* _Work instructions_
Apart from the pictures, output all of the records exactly.
── Excerpted data
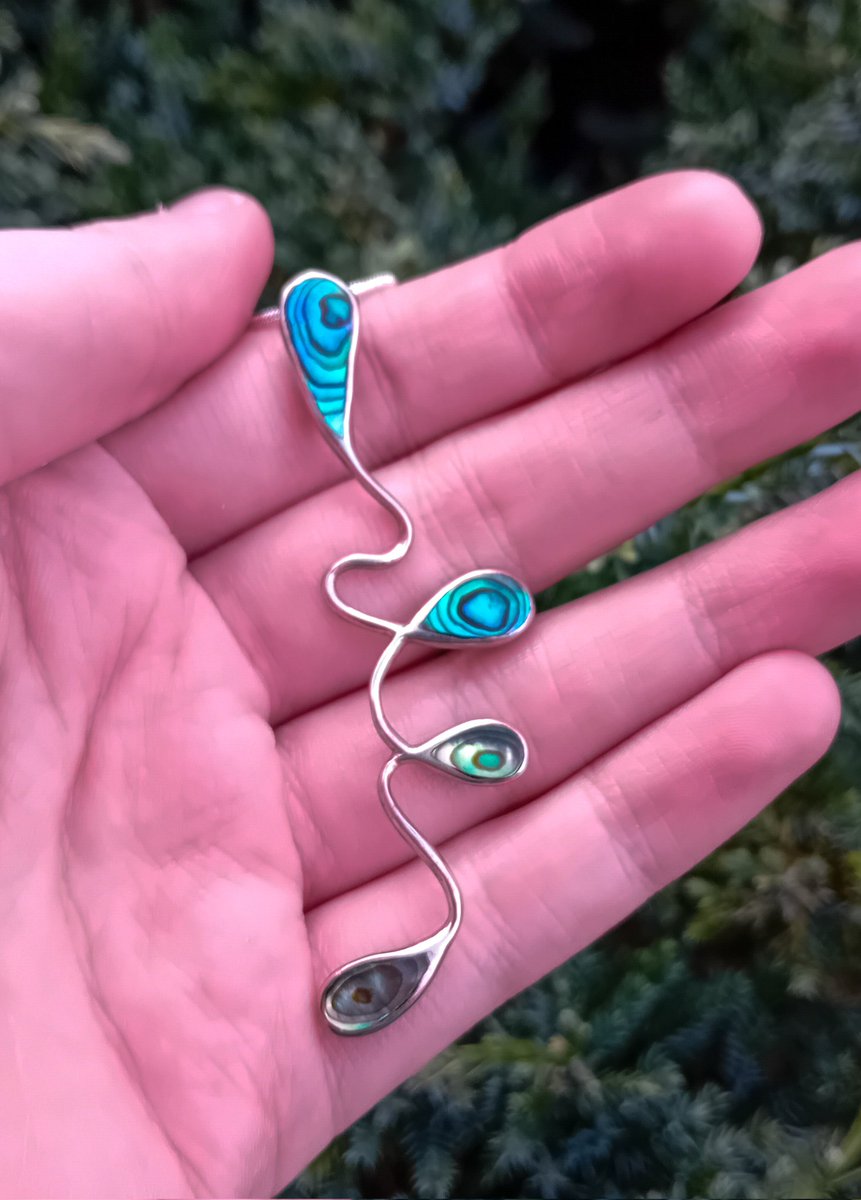 If you love unusual, this abalone pendant fits the bill! A lovely long swirly pendant set on a sterling silver chain ⛓️ £25 posted 🤍 #UKGiftAM #UKGiftHour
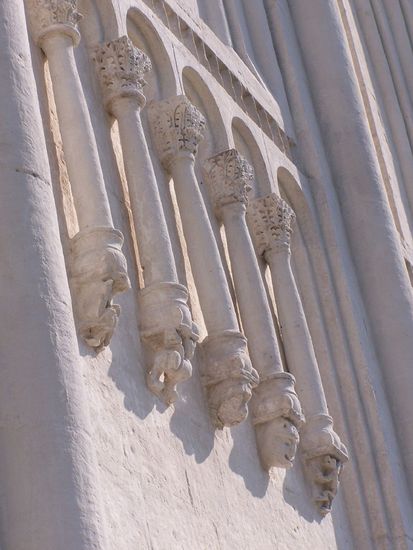 Schmuck an der Kirchenwand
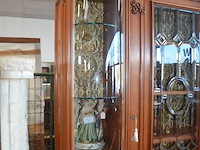 Bruin houten vitrinekast 6 deuren, 4 laden, 5 glazen deuren, afm. 300x235x55 - afbeelding 10 van  10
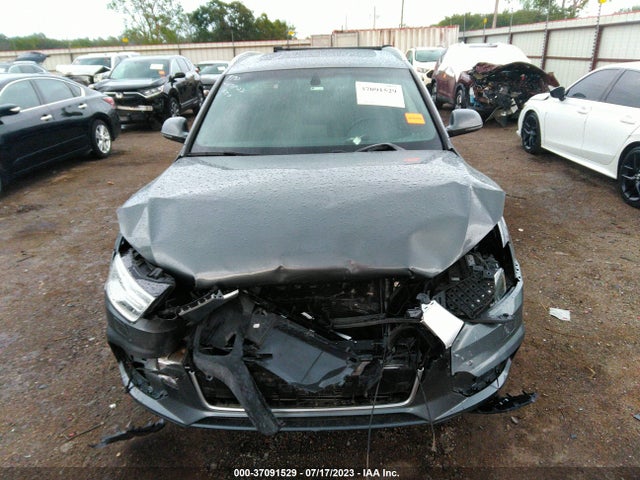 WA1EFCFS3GR017969 Audi Q3 Premium Plus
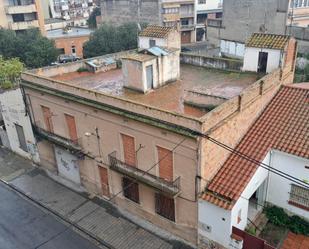 Vista exterior de Casa o xalet en venda en Figueres amb Terrassa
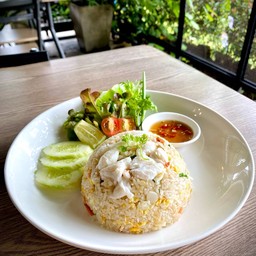 ข้าวผัดปู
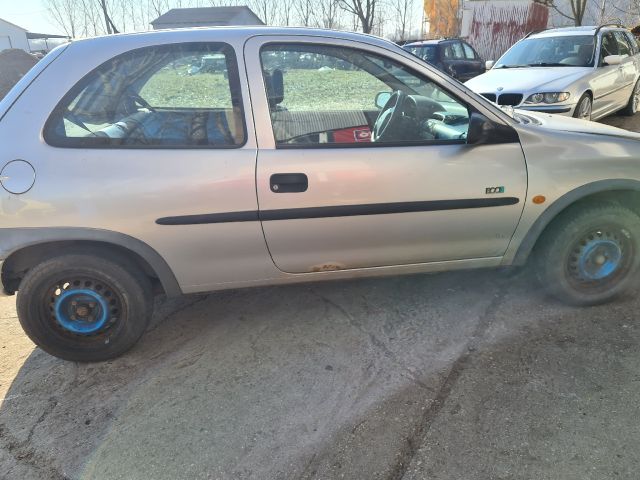 bontott OPEL CORSA B Hátsó Lökhárító (Részeivel)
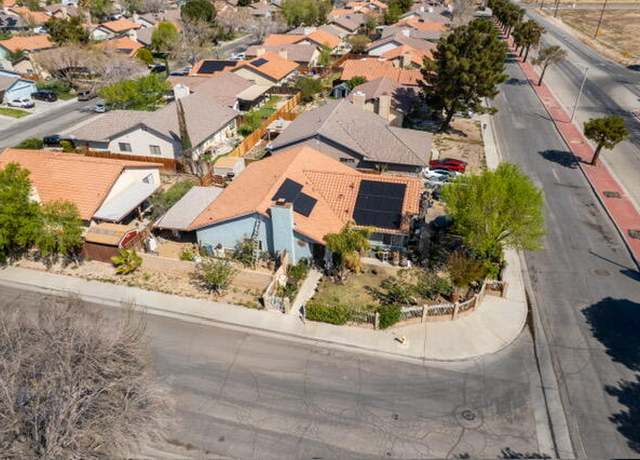 Property at 43841 E 30th St, Lancaster, CA 93535, 4 beds, 2 baths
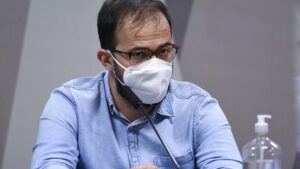 PF negocia inclusão de servidor que denunciou Covaxin no programa de proteção a testemunhas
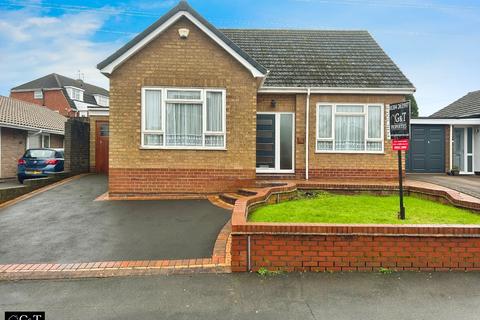 3 bedroom bungalow for sale - Scotts Green Close, Dudley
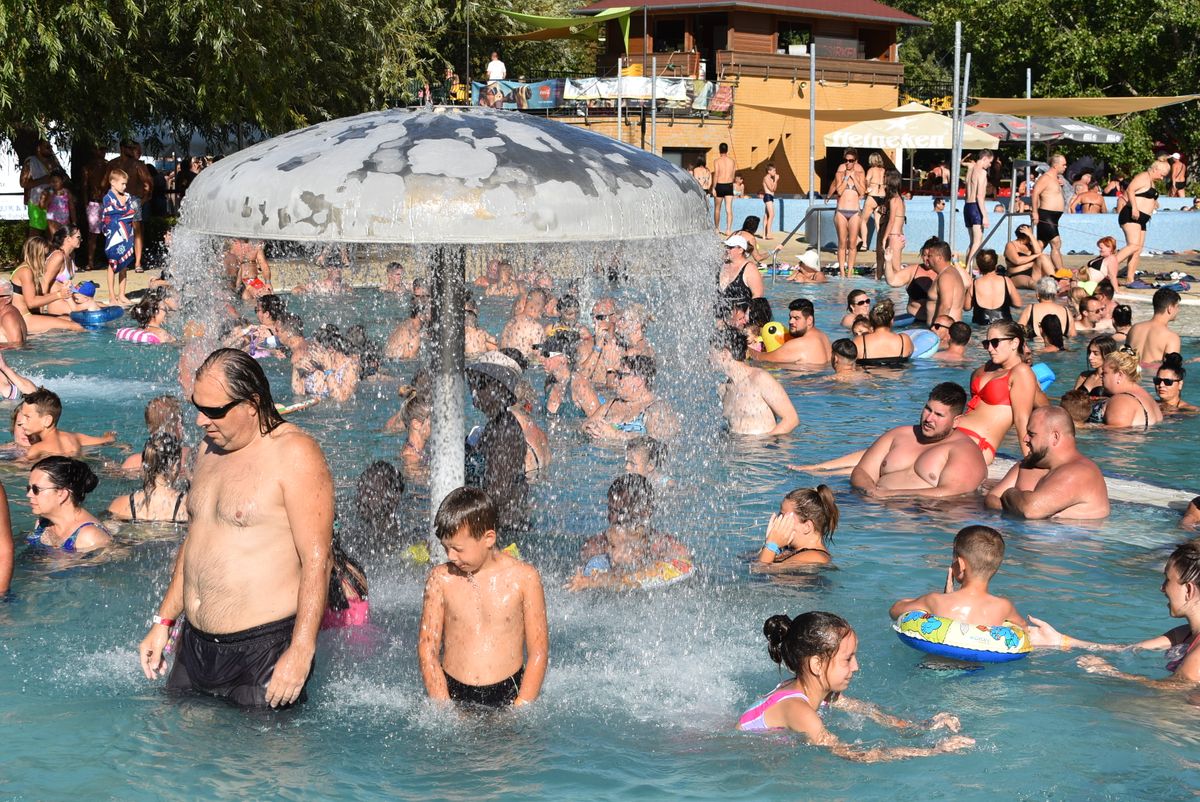 Idén is sokan pihentek a Várkertfürdő medencéiben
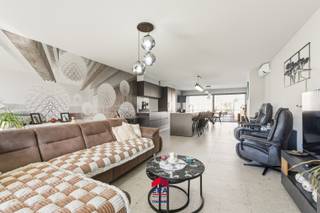 [[ DIT PAND NEEMT DEEL AAN DE ERA OPEN HUIZEN DAG OP 14/3 VAN 13:00 TOT 14:00 ]] Dit instapklare en lichtrijke appartement van 132 m² biedt...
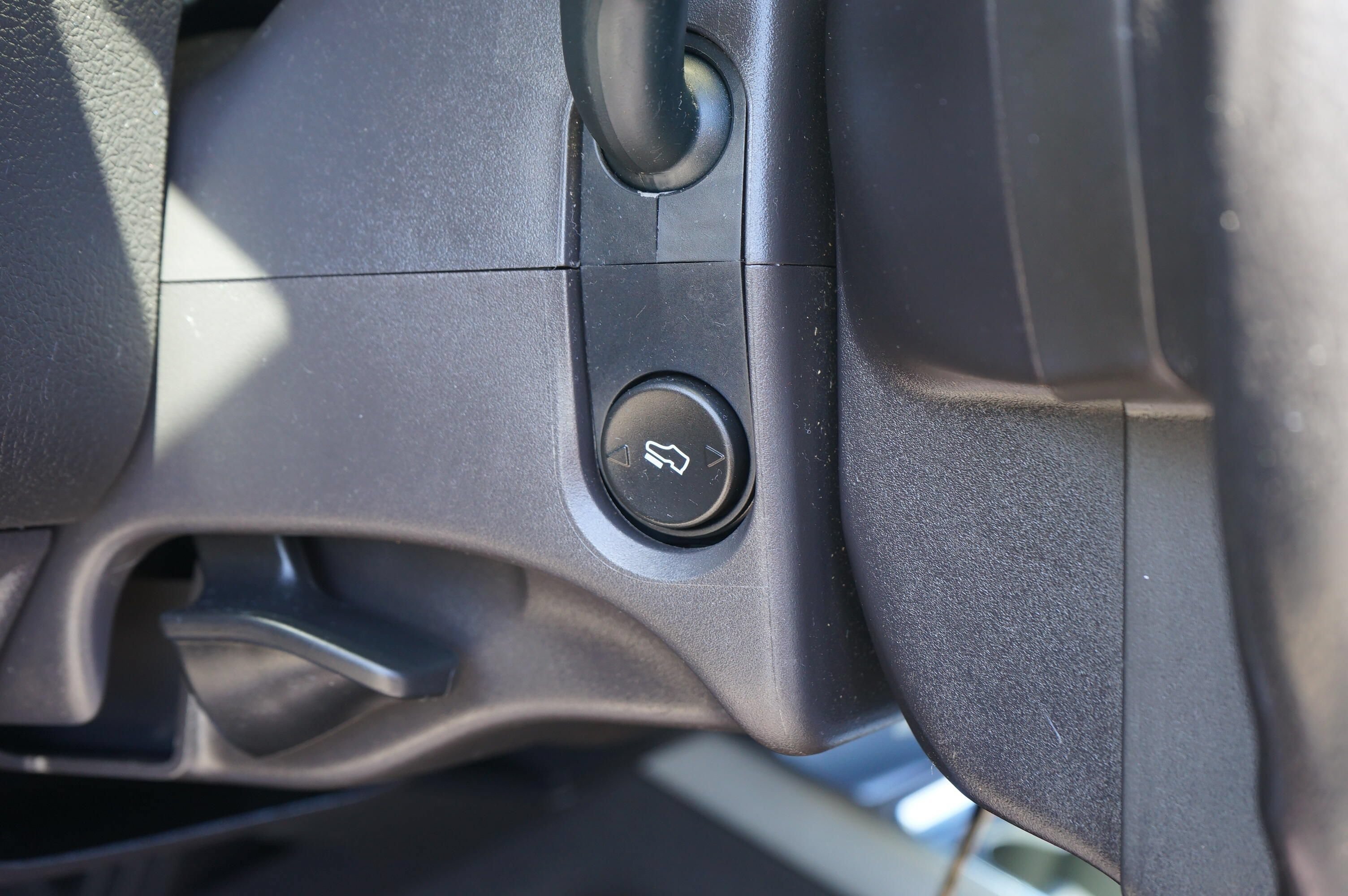 Used 2013 Ford F250 Lariat AWD/4WD image 21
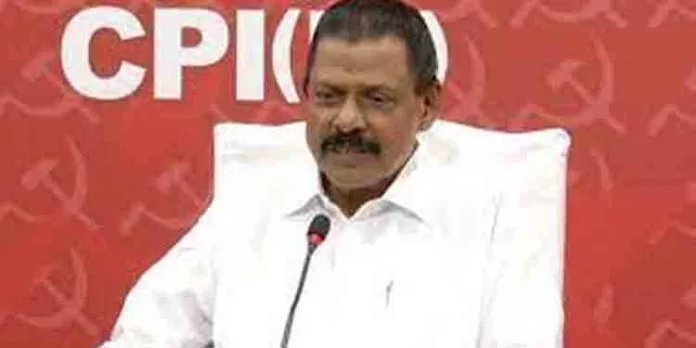 കേന്ദ്രത്തിന്റെയും ആര്എസ്എസിന്റെയും വര്ഗീയ നിലപാടുകള്ക്കെതിരെ സിപിഎം ജനമുന്നേറ്റ ജാഥ കേന്ദ്രത്തിന്റെയും ആര്എസ്എസിന്റെയും വര്ഗീയ നിലപാടുകള്ക്കെതിരെ സിപിഎം ജനമുന്നേറ്റ ജാഥ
────
* _Answer to the exercise_
 If you love unusual, this abalone pendant fits the bill! A lovely long swirly pendant set on a sterling silver chain ⛓️ £25 posted 🤍 #UKGiftAM #UKGiftHour
 Schmuck an der Kirchenwand
 Bruin houten vitrinekast 6 deuren, 4 laden, 5 glazen deuren, afm. 300x235x55 - afbeelding 10 van  10
 WA1EFCFS3GR017969 Audi Q3 Premium Plus
 Vista exterior de Casa o xalet en venda en Figueres amb Terrassa
 ข้าวผัดปู
 bontott OPEL CORSA B Hátsó Lökhárító (Részeivel)
 Property at 43841 E 30th St, Lancaster, CA 93535, 4 beds, 2 baths
 PF negocia inclusão de servidor que denunciou Covaxin no programa de proteção a testemunhas
 3 bedroom bungalow for sale - Scotts Green Close, Dudley
 Idén is sokan pihentek a Várkertfürdő medencéiben
 [[ DIT PAND NEEMT DEEL AAN DE ERA OPEN HUIZEN DAG OP 14/3 VAN 13:00 TOT 14:00 ]] Dit instapklare en lichtrijke appartement van 132 m² biedt...
 Used 2013 Ford F250 Lariat AWD/4WD image 21
 കേന്ദ്രത്തിന്റെയും ആര്എസ്എസിന്റെയും വര്ഗീയ നിലപാടുകള്ക്കെതിരെ സിപിഎം ജനമുന്നേറ്റ ജാഥ കേന്ദ്രത്തിന്റെയും ആര്എസ്എസിന്റെയും വര്ഗീയ നിലപാടുകള്ക്കെതിരെ സിപിഎം ജനമുന്നേറ്റ ജാഥ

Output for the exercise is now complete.